I wonder if they would even go through it...?? goats are strange like that..


----------



## Trickyroo (Sep 26, 2012)

Your right , lol....^^^ I think some of mine would , the others would be hyperventilating , :ROFL:

But , i think after a few times of making them have to go through it for their grain , they will be able to figure it out. I would love to see that on video , lol...
Nothing comes in between my herd and their grain.......NOTHING !


----------



## Jessica84 (Oct 27, 2011)

I think they would think you are trying to keep them out so then would make sure they do go in lol 
But seriously (although I was kinda serious there) I think that if you kept their main food source in there it would work. If your just now building the building I would keep it off for a week so they know where the door is but they should figure it out. As for the plastic it's self I'm not sure how long it would hold up in the sun.

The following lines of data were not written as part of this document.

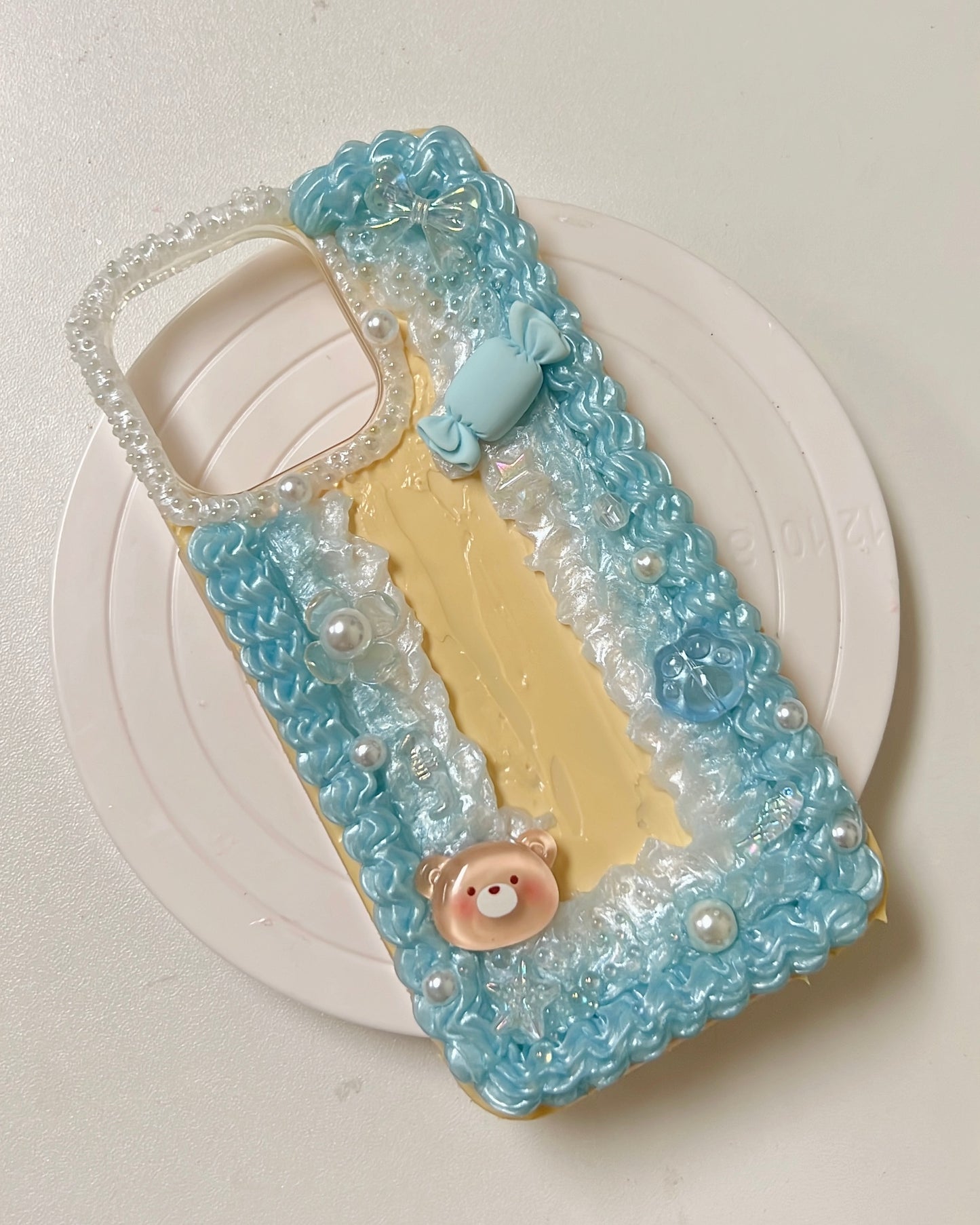 DIY Phone Case (20 Charms, 4 Glues)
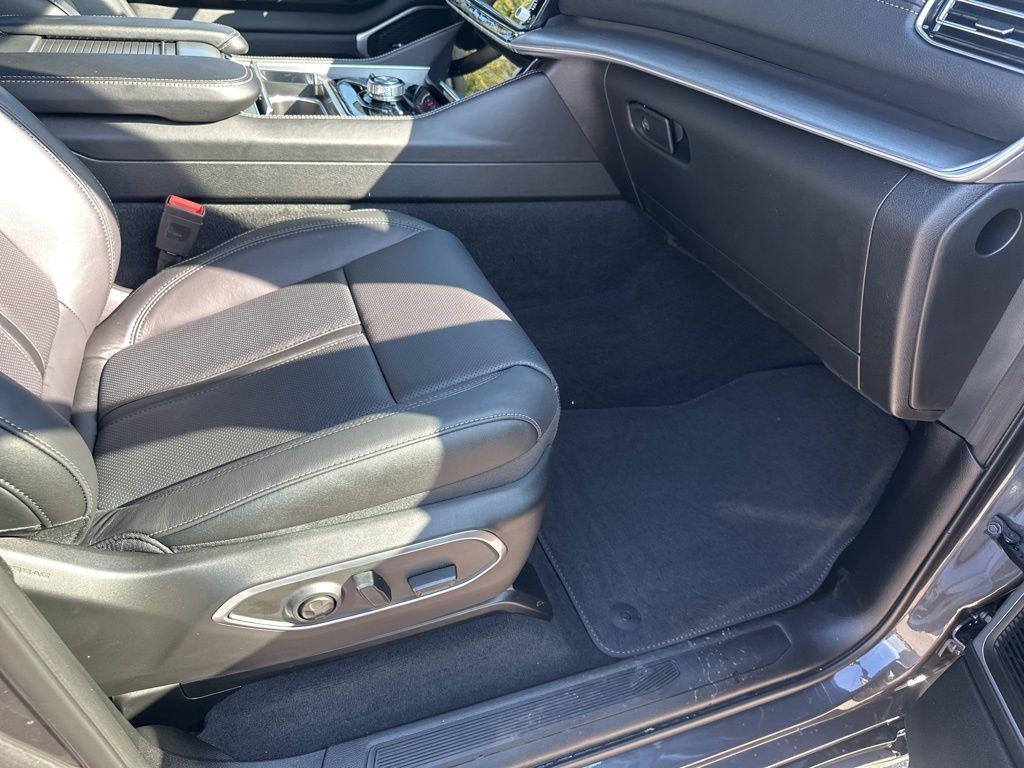 new 2026 Jeep Grand Wagoneer car, priced at $77,350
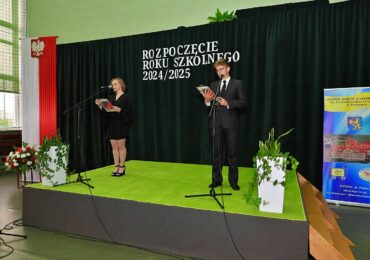 Uroczyste rozpoczęcie roku szkolnego 2024/2025 w  Zespole Szkół Zawodowych w Dynowie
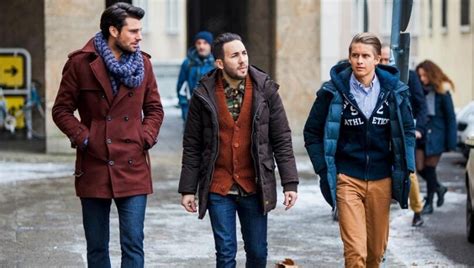 Best Mens Parka: Expert’s Buying Advice and Top Picks Reviews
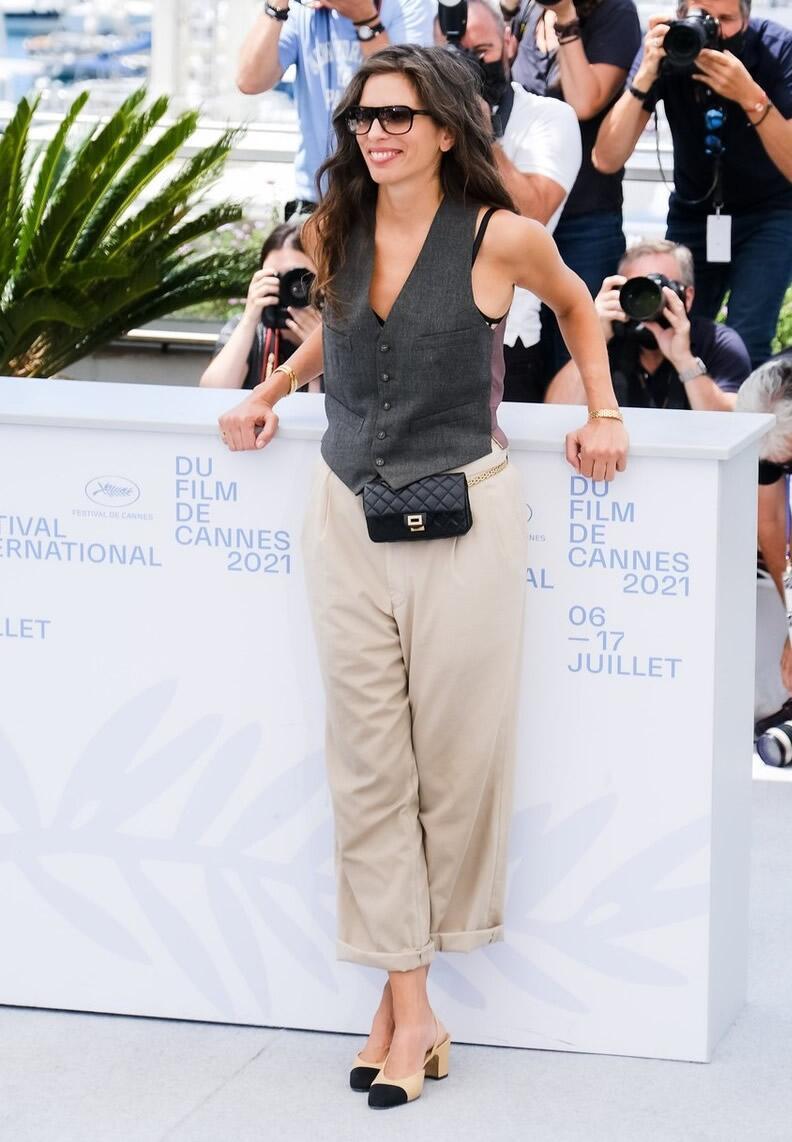 2021流行马甲穿搭图片大全,最近很火的马甲穿搭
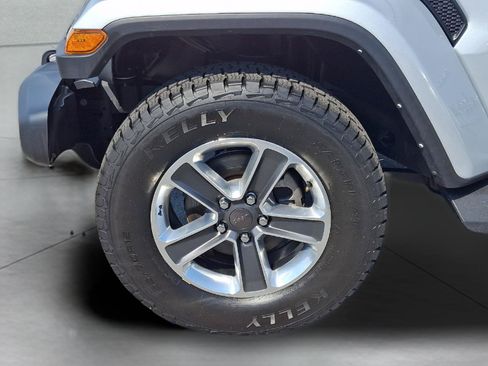 Used 2023 Jeep Wrangler Unlimited Sahara AWD/4WD image 28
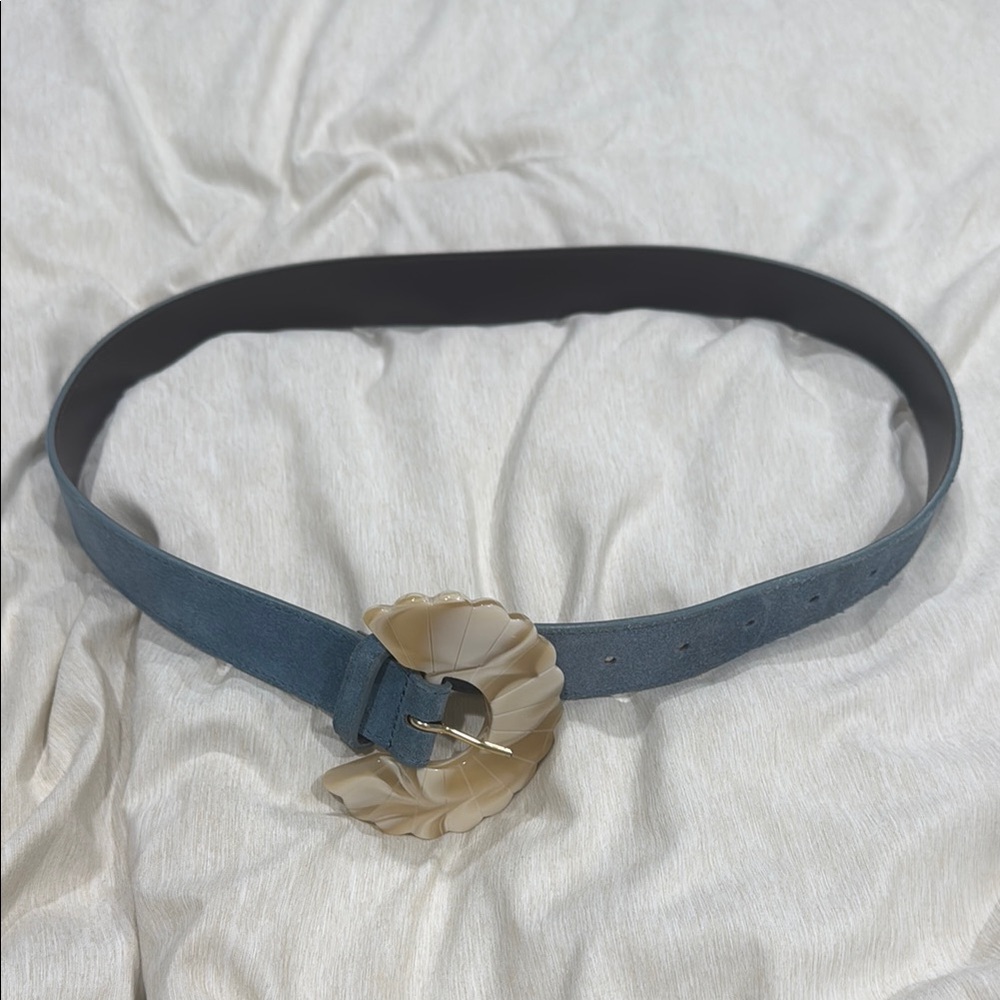 Sezane Women’s Blue Suede Belt with Cream Sculpted Buckle - Picture 3 of 4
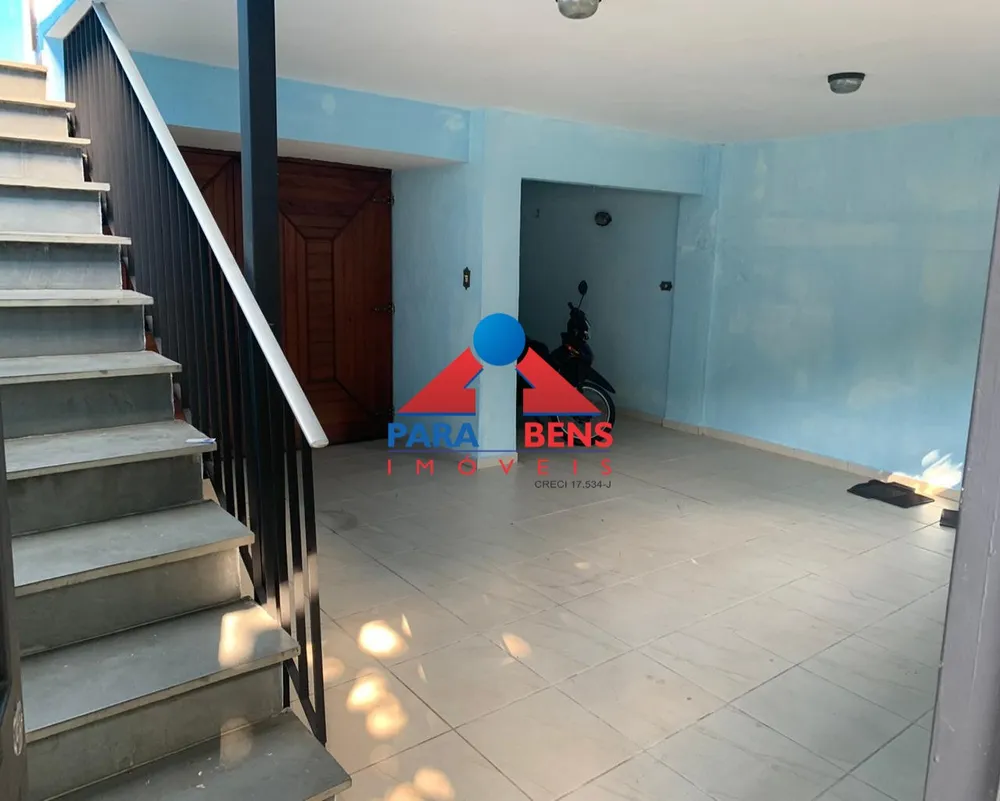 Casa, 4 quartos, 210 m² - Foto 1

I would make sure to take it off when you really don't need it and store it out of the sun


----------



## happybleats (Sep 12, 2010)

maybe when you are ready to install the plastic sheets...do one side first and leave it...after a week or so add the other one? let them get used to it


----------



## ksalvagno (Oct 6, 2009)

People use carpet. You could at least try it.


----------



## Bansil (Jul 23, 2015)

Oohhh...I feel like 8th grade...science project 101......will do it and post results


----------



## Trickyroo (Sep 26, 2012)

Bansil said:


> Oohhh...I feel like 8th grade...science project 101......will do it and post results


YAY !!! :clap:


----------



## Jasmar (Mar 28, 2015)

We've got an outdoor dog house that originally came with a clear plastic flap like that. It worked great for the dog. That was long before we had goats, so I can't give an opinion on them :book:


----------



## heater (Jun 21, 2013)

I do something similar to that with a canvas tarp and it works great. My goats go in and out just fine.


----------



## Goats Rock (Jun 20, 2011)

I use an old rubber belt from a silage wagon in the buck barn. They learned to go in and out. I wish I had the plastic 
sheeting, but I think they would eat it. Summer time I use grain sacks, as they get torn up, I replace them.
It helps keep the rain out, but air still goes through-


----------



## NWIndianaBoers (Mar 18, 2013)

I use the plastic strips just like in the orignal post. They come in different thickness and i don't recall the exact one I got but out in the open country of Northwest Indiana when that winter wind blows it will go through them even as you overlap them. This is mainly dependant on the way the barn faces and that particular storms wind direction etc. Overall I highly recomend them but they aren't perfect either. Heading back out shortly and I'll grab some pics of my new barn design with smaller stalls and individual outdoor runs for each stall using the flaps since it is also my kdding barn and I like to keep in as much warmth as I can.


----------



## Bansil (Jul 23, 2015)

cool, thanks


----------



## Lstein (Oct 2, 2014)

Great idea


----------



## NWIndianaBoers (Mar 18, 2013)

Here are some pics of some of the doors I have it on. The tops of the door have plexi glass as a window. The best quality sheets from menards. Goats have jumped right into them with the hooves and they are good to go. Helps with getting light in for the wintertime when everything is closed up!






















This is one from inside 







Flaps are also removable. I had a buck that I brought to my place to use and he wanted to scratch his horns on it so I had to remove them. They will go back on soon with temps dropping.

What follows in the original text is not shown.